本書は、ISISが台頭する前だが、アラブの春を契機として内戦に陥ったシリア、その状況を俯瞰するとともに、先代の父ハーフェズ・アサド大統領と、現在の息子バシャール・アサド大統領のとった政策等について概略を書いている
シリアの政権はアサド一族も含めてイスラム教アラウィ派で固められている。しかし、いろいろイスラームの本を読んだが、アラウィ派というのは歴史上ほとんど出てこない。イスラム教の一派ではないと言い切る本もあった。
p88
「アラウィ派は、歴史的にイスラム教社会で異端的な存在として繰り返し迫害を受け、そのため彼らは山岳地帯に逃れ住んでいた。(中略)

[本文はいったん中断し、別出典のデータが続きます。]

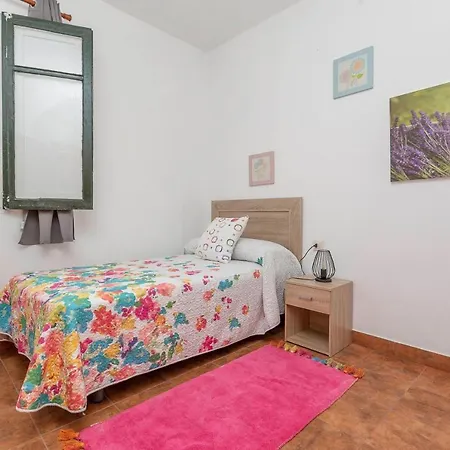 - 4 Bedrooms - 0275 Sanxenxo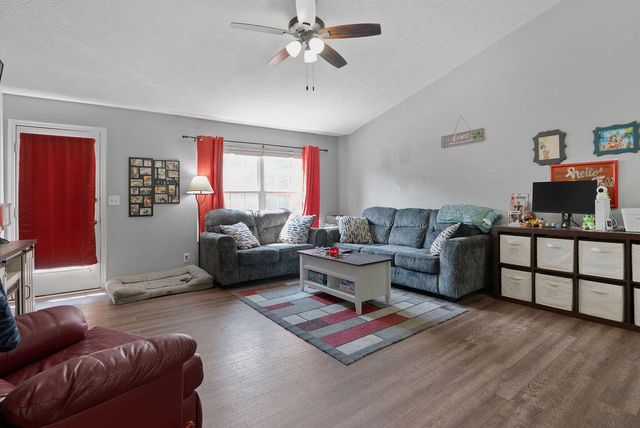 2280 Edenderry Drive, 305, Crescent Springs, KY 41017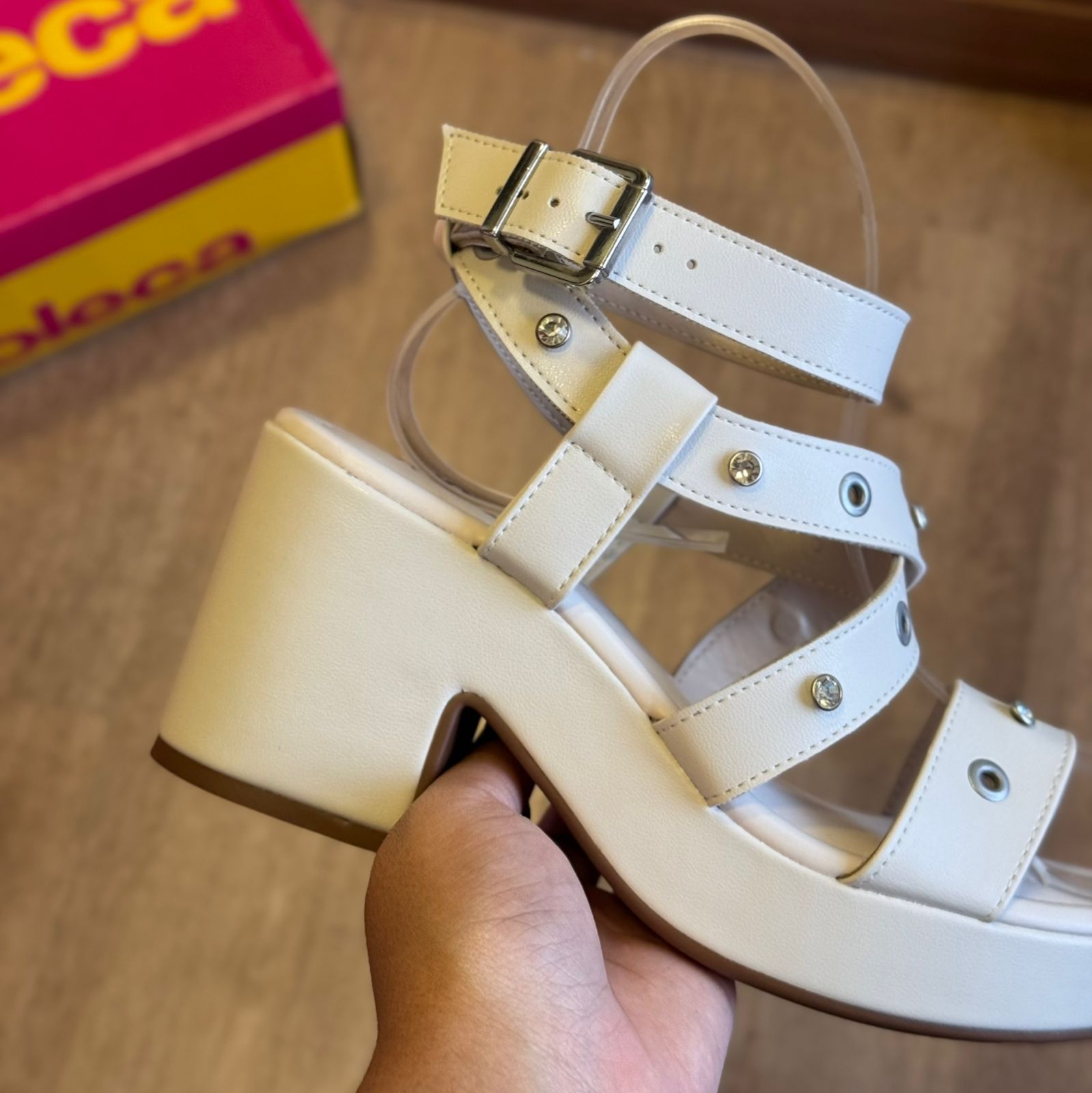 Tamanco Moleca com Ajuste e Tiras Grossas 5549.106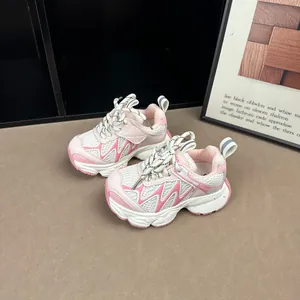 Gros plan sur des baskets en mesh rose et blanc pour enfants avec des semelles épaisses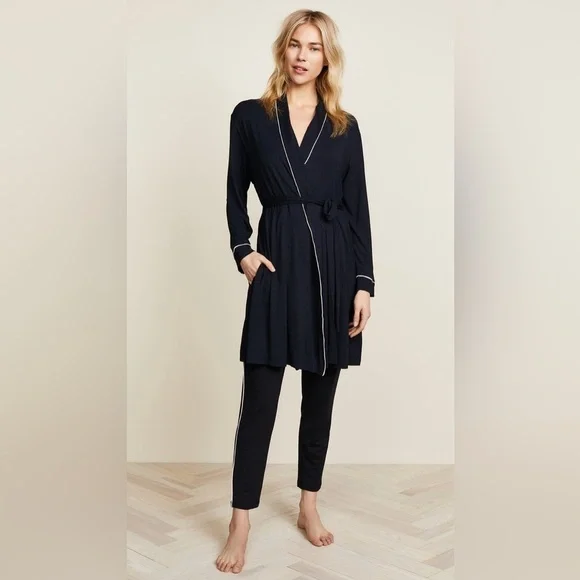 Eberjey Gisele Tuxedo Robe in black with white piping Large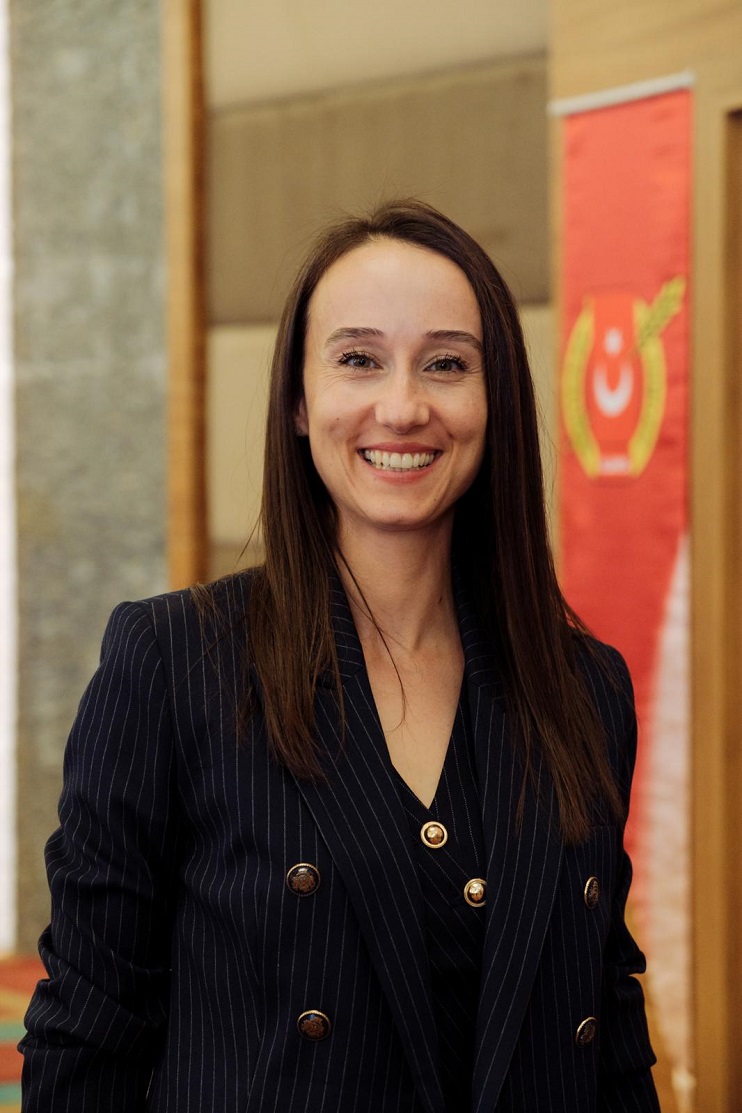 Emel Yüzbaşıoğlu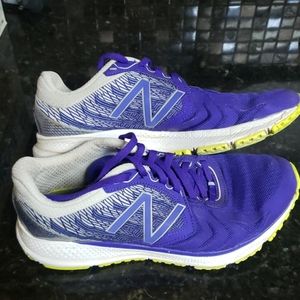 New Balance size 8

アラウィ派が一応イスラム教シーア派に属するとみなされるのは73年にハーフェズ・アサド大統領がレバノンのシーア派指導者ムーサ・サドル導師からその旨の裁定を得たからである。アラウィ派の人々は彼らが社会のくびきから解き放たれたのはハーフェズ・アサド大統領のお陰だという」
なるほど、そうだったのか。
本書は現代シリアの大統領を中心に書かれているが、イスラエルやエジプト、イランとの関係も書かれているので、シリアを中心に据えた現代中近東情勢として捕らえた方が良い。
タイトルで損をしている気がする。